Hopefully someone will turn up with a more useful answer!
skewey 14 31 England
31 May 2012 9:50PM
They are so much like Swifts but in the dark.I imagine high speed flash required for flight shots.
cattyal Plus
15 9.2k 6 England
31 May 2012 9:55PM
I suppose I could try one evening as they do swoop right down into the garden - possibly because I have a small pond and there's usually clouds of midges at head level. It's hard trying not to duck though when they swoop in past my ears!
oldblokeh 9 1.2k United Kingdom
31 May 2012 10:04PM

A lot of luck and a short flash duration are required. This is my best effort and it's a small crop.
Carrera_c 11 273 3 United Kingdom
31 May 2012 10:06PM
I think you're only hope would be with a light trigger (is that what they're called? object breaks through a beam of light and that triggers the camera).

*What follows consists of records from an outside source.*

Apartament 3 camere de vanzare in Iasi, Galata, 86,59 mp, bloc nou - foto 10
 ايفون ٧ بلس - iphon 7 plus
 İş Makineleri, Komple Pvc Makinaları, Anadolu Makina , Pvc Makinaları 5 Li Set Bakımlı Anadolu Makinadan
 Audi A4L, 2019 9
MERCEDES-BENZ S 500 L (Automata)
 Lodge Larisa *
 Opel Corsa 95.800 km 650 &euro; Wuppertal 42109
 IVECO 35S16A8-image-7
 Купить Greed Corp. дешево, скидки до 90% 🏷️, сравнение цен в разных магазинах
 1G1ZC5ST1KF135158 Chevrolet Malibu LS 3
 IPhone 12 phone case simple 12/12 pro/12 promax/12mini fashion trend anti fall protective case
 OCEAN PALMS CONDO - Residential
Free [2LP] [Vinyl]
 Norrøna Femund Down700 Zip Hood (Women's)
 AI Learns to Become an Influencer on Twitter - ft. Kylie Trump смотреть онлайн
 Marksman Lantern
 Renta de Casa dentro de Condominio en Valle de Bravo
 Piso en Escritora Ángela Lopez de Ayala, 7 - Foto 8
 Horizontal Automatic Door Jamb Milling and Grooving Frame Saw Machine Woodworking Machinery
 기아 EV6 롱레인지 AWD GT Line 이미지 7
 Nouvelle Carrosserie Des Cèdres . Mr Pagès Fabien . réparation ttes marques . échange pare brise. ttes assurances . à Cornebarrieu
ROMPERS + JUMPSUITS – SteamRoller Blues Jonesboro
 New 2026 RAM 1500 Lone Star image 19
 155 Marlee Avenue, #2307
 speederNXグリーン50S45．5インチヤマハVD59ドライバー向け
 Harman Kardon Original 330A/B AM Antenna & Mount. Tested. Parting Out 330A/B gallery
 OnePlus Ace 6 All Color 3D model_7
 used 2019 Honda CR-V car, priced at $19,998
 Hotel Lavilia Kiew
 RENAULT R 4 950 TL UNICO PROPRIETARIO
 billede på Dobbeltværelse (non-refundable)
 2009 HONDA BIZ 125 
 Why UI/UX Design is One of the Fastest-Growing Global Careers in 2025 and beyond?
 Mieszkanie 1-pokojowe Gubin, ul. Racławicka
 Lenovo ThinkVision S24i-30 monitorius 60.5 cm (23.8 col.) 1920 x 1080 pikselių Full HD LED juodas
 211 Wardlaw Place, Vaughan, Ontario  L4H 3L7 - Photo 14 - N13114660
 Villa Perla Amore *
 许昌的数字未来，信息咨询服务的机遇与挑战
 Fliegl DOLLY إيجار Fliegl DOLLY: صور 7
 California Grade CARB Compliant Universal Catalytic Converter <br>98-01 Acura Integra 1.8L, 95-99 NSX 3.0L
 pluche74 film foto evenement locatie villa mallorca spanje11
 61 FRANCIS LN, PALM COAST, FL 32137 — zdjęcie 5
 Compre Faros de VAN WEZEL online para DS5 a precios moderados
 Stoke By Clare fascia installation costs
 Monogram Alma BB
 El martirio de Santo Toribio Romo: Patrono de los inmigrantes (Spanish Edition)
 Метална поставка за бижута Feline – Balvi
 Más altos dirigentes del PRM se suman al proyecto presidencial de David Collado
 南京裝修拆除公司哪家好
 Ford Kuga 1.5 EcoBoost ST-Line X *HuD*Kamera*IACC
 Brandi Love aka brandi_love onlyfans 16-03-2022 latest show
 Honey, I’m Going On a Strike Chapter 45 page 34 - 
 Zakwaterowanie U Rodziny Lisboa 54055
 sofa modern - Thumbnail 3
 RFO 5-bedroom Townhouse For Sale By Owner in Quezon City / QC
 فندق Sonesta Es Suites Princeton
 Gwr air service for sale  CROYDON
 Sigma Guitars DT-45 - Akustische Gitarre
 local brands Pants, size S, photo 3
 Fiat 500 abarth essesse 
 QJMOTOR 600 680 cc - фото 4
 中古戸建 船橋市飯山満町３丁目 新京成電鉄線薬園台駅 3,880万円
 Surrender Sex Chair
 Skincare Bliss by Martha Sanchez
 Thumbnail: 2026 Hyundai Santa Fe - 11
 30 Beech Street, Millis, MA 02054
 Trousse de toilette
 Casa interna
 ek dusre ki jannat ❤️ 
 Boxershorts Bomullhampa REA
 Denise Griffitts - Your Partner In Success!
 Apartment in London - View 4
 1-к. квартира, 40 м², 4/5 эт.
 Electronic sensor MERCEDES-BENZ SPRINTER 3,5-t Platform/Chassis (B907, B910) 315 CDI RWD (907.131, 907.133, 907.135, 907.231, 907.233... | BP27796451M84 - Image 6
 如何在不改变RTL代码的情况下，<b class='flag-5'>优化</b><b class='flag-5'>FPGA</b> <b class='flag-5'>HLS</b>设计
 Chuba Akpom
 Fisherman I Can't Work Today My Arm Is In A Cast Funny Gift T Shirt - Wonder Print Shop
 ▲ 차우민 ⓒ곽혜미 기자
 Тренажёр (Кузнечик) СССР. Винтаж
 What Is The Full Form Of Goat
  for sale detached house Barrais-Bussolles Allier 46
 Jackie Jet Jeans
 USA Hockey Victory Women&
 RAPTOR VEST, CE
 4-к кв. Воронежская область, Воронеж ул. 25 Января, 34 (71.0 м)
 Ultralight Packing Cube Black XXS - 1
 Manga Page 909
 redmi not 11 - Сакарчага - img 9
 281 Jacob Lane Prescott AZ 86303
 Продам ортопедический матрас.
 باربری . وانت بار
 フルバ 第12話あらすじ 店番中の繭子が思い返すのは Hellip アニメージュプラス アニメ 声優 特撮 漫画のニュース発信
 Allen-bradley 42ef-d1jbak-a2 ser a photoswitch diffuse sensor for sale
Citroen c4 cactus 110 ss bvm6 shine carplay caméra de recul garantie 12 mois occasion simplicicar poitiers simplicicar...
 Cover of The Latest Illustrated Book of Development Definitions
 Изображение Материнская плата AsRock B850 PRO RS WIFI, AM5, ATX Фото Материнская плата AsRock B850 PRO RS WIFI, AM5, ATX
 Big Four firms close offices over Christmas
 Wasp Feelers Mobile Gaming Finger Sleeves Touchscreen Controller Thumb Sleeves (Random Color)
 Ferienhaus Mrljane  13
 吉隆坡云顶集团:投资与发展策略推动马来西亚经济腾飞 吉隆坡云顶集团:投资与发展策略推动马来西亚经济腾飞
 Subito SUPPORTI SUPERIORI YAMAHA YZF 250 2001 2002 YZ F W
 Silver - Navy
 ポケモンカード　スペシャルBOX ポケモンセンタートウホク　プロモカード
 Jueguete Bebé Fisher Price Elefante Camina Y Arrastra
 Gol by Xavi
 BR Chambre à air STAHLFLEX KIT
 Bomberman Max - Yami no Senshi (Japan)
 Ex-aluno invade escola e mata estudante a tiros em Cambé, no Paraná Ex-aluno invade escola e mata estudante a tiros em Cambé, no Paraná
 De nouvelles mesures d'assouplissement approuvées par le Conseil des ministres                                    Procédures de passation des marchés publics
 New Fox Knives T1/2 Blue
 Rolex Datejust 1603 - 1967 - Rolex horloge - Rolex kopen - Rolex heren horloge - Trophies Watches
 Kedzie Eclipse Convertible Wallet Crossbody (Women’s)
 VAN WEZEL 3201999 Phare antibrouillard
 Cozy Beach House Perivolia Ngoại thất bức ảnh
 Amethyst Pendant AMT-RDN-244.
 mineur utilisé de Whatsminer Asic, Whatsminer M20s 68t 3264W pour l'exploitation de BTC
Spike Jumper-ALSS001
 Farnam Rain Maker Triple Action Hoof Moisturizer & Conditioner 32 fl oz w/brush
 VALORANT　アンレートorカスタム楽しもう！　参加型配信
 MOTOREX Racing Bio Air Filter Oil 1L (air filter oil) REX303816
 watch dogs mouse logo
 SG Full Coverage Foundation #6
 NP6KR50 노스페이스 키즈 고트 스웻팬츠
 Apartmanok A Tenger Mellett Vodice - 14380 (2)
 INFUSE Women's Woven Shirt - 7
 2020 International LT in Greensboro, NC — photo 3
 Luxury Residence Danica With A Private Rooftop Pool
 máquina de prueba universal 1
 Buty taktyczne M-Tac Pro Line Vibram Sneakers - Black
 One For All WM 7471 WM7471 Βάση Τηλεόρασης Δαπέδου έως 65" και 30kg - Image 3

Would just be blind luck if the happen to fly through it though unless you can find out where their nest is and set it up at the entrance and get them flying out of it.
A12PHOTO 11 17 United Kingdom
31 May 2012 10:09PM
Get in touch with Spring watch on Beeb 2 am sure they could help.
oldblokeh 9 1.2k United Kingdom
31 May 2012 10:10PM
They tend to patrol the same route repeatedly. Prefocus the camera. Set up manual flash with a short duration. Point the camera in the right direction and fire away when you see the bat. Oh, and stay away from the roost. Disturbing them there is illegal.
skewey 14 31 England
31 May 2012 10:52PM
Yes I know I would only do Bats in flight.I already possess a Schedule 1 for Kingfishers as it is same principle .But the Bats are coming from a Barn about 400 metres away and two of them are using a hedgerow and swoop over my head at times
skewey 14 31 England
31 May 2012 10:58PM
Thanks Steve what sort of settings were you using
mohikan22 Plus
16 2.3k 2 United Kingdom
31 May 2012 11:23PM
hmm i didnt think you could use flash for bats as its not good for them (apparently).... please correct me if i am wrong on this..
Carabosse 17 41.5k 270 England
31 May 2012 11:30PM
Tried photographing some pipistrelle bats a few days ago. Very, very difficult: they fly fast and not that far off the ground, so by the time you've aimed the camera they're gone!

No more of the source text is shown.